Cytogenetics testing is one of the current standards for diagnosis and prognostic follow-up of multiple myeloma (MM). It was recommended to do fluorescent in situ hybridization (FISH) analysis using probes to detect at least t(4;14), t(14;16), t(14;20), trisomies and 17p- on the initial diagnostic bone marrow sample. The presence of 1q gain, 1p-, 17p-, t(4;14), t(14;16) and t(14;20) is considered high-risk factors in MM.
t(4;14) results in placing FGFR3 (fibroblast growth factor receptor 3) and NSD2 (nuclear receptor SET domain protein 2, also known as WHSC1) under the influence of IGH enhancer, hence upregulates FGFR3 and/or NSD2 expression. However, studies indicated that only 30% to 40% of t(4;14) patients were in fact high risk, the remaining patients had intermediate-risk or standard-risk. The high-risk of t(4;14) was neither associated with overexpression of FGFR3 nor NSD2 nor mutations in FGFR3 but associated with truncated fusion transcript of NSD2 (3). The translation start site is located at the exon 2 of NSD2. Patients with the fusion of IGH::NSD2 before the translation start site of NSD2 had significant longer overall survival (OS) than the patients with fusion of IGH::NSD2 after the translation start site. Therefore, identification of the breakpoints of t(4;14) is a critical independent biomarker for separation of high-risk from low-risk patients.

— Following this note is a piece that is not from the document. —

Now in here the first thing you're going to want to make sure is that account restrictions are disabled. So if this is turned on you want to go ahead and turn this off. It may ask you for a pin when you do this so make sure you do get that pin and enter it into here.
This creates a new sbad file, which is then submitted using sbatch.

Traditional dual-color, dual-fusion FISH probes for detection of t(4;14) cannot identify the precise breakpoint on FGFR3 or NSD2 and are not suitable for identification of high-risk patients. Therefore, alternative techniques will be needed to identify the precise breakpoints for t(4;14).
Case Presentation
The patient is a 54 y.o. male who presented with generalized pain and fatigue. Serum protein electrophoresis and immunofixation detected IgA Kappa monoclonal protein. Radiology study detected medullary compression and multiple lytic lesions. A bone marrow biopsy revealed extensive marrow involvement by multiple myeloma.
Diagnostic Workup
FISH panel analysis was performed on isolated CD138+ plasma cells from this patient’s bone marrow. Fusions of FGFR3::IGH with 1-2 additional copies of FGFR3 and IGH, trisomy/tetrasomy 9 and 15, 1-2 additional copies of CCND1, MAF, MAFB, trisomy/tetrasomy 17 with 2 copies of TP53 were detected in 86%, 85%, 53%, 81%, 79%, 73%, and 76% of cells, respectively. It was denoted as:
nuc ish(FGFR3,IGH)x3-4(FGFR3 con IGHx2-3)[86/100],(CEP9x3-4)[85/100],(CCND1,IGH)x3-4[81/100], (D13S319,LAMP1)x2[100],(IGHx3)(3’IGH sep 5’IGHx2)[74/100],(IGH,MAF)x3-4[79/100],(IGH,MAFB)x3-4[73/100],(TP53x2,D17Z1x3-4)[76/100]. The overall FISH profile was near-triploidy with t(4;14), which was confirmed by concurrent karyotype analysis.
In order to know the precise breakpoints of t(4;14), the concurrent isolated plasma cells were tested using Saphyr optical genome mapping (OGM) technology (kindly performed by Bionano Genomics, San Diego, CA). The t(4;14) was confirmed by OGM, ogm[GRCh38] t(4;14)(p16.3;q32.33)(1901670;105887565) and the fusion was NSD2::IGH with breakpoint at intron 2 of NSD2. OGM also confirmed the near triploid detected by FISH and karyotype.
Outcome and Follow-Up
Conclusion
OGM detected the precise breakpoints of t(4;14) for our patient. Based on the breakpoints, the expected fusion was IGH::NSD2 exon 3+ and the truncated NSD2 protein will be produced. Thus, our patient has a high-risk MM.
OGM is a powerful technology that can detect whole genome structural and numerical abnormalities. It has much higher resolution than traditional cytogenetics techniques e.g. karyotype and FISH. Our case study demonstrated that karyotype and FISH are not enough to yield precise testing results to meet current clinical needs. High resolution technologies such as OGM are pivotal and needed in diagnosis, prognosis and treatment for MM patients and other hematology cancer patients.